Anaerobic infections in man are most commonly caused by nonsporing organisms. Such organisms occur naturally as commensals in the oropharynx, the female genital tract and the large bowel — where they constitute the predominant flora. From their normal habital these organisms may invade adjacent tissues which are debilitated or the seat of some pathological change.

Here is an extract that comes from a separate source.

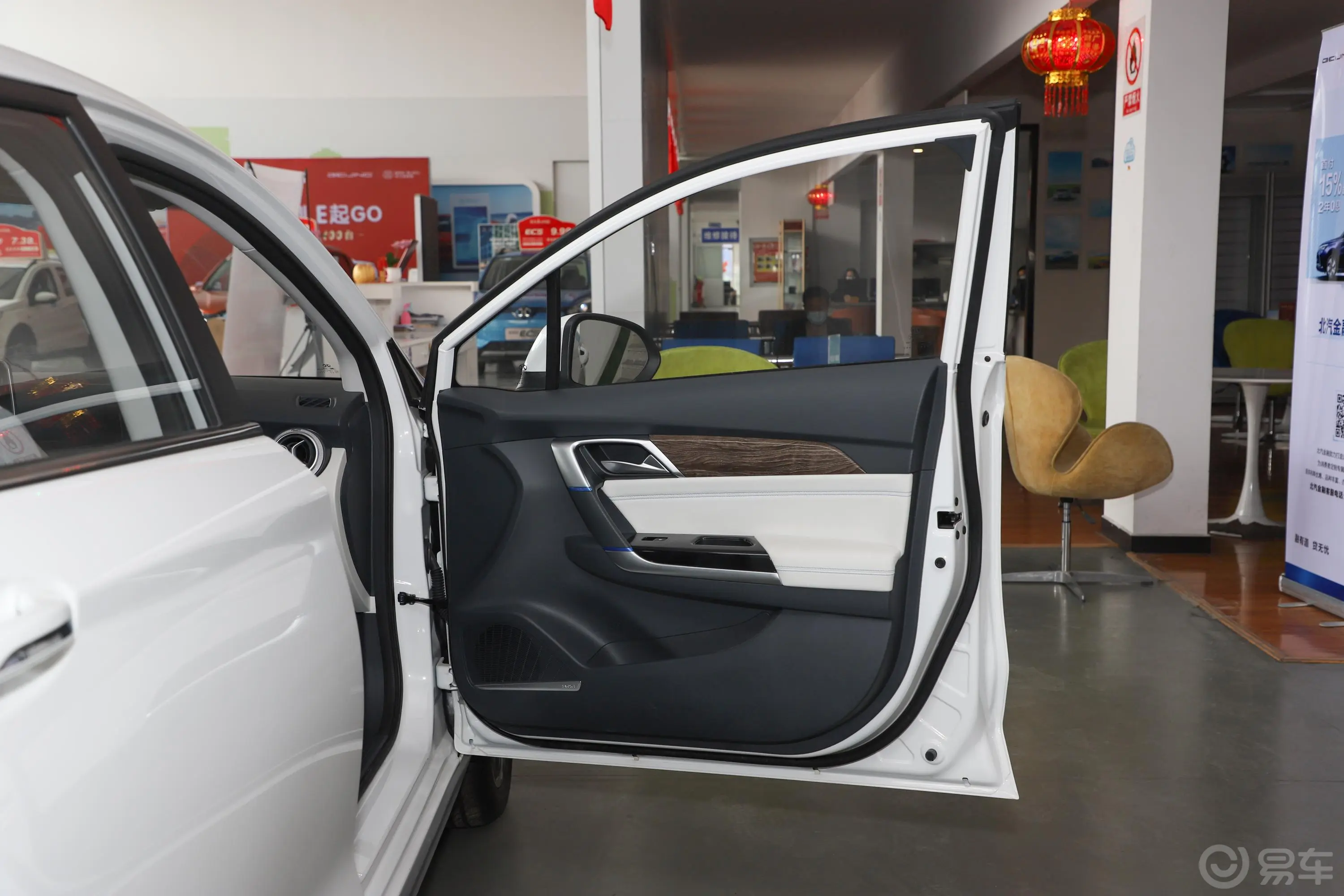 北京EU5经典款 R500 智风版副驾驶员车门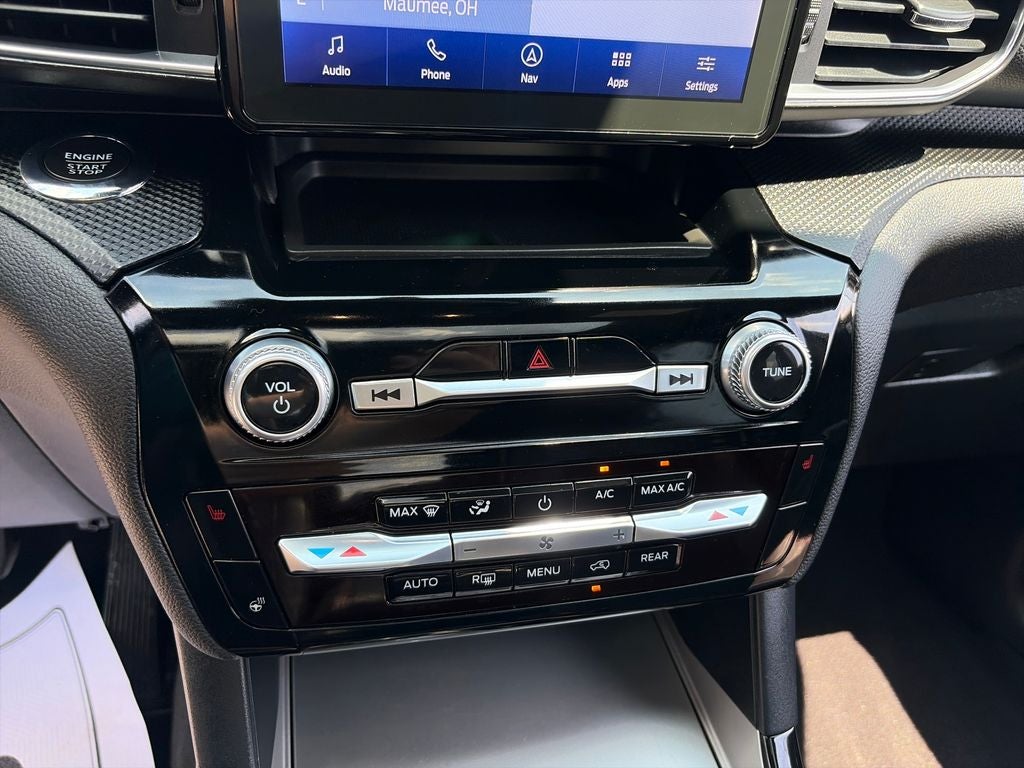 2024 Ford Explorer ST-Line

With the appreciation of the clinical significance of anaerobic bacteria came the need for appropriate treatment. Many antimicrobial agents have been tried. Penicillin has been used with success in the treatment of orofacial sepsis and pleuropulmonary infection, but is inactive against Bacteroides fragilis which produces an effective β-lactamase. Tetracycline resistant organisms appear to have increased, and erythromycin has not found favour in the treatment of anaerobic sepsis. Chloramphenicol is active against almost all anaerobes, but its side effect as a bone marrow depressant must be borne in mind. Clindamycin is effective, but the possible development of pseudomembranous colitis must be considered. Metronidazole is at present used with success in a variety of anaerobic infections. The development of β-lactamase inhibiting agents, such as clavulanic acid, may indicate future trends in the chemotherapy of these infective conditions.
The antimicrobial agents currently in use for the treatment of anaerobic sepsis include penicillin, metronidazole, clindamycin, and cefoxitin, a modified form of a member of a new family of β-lactam antibiotics — the cephamycins.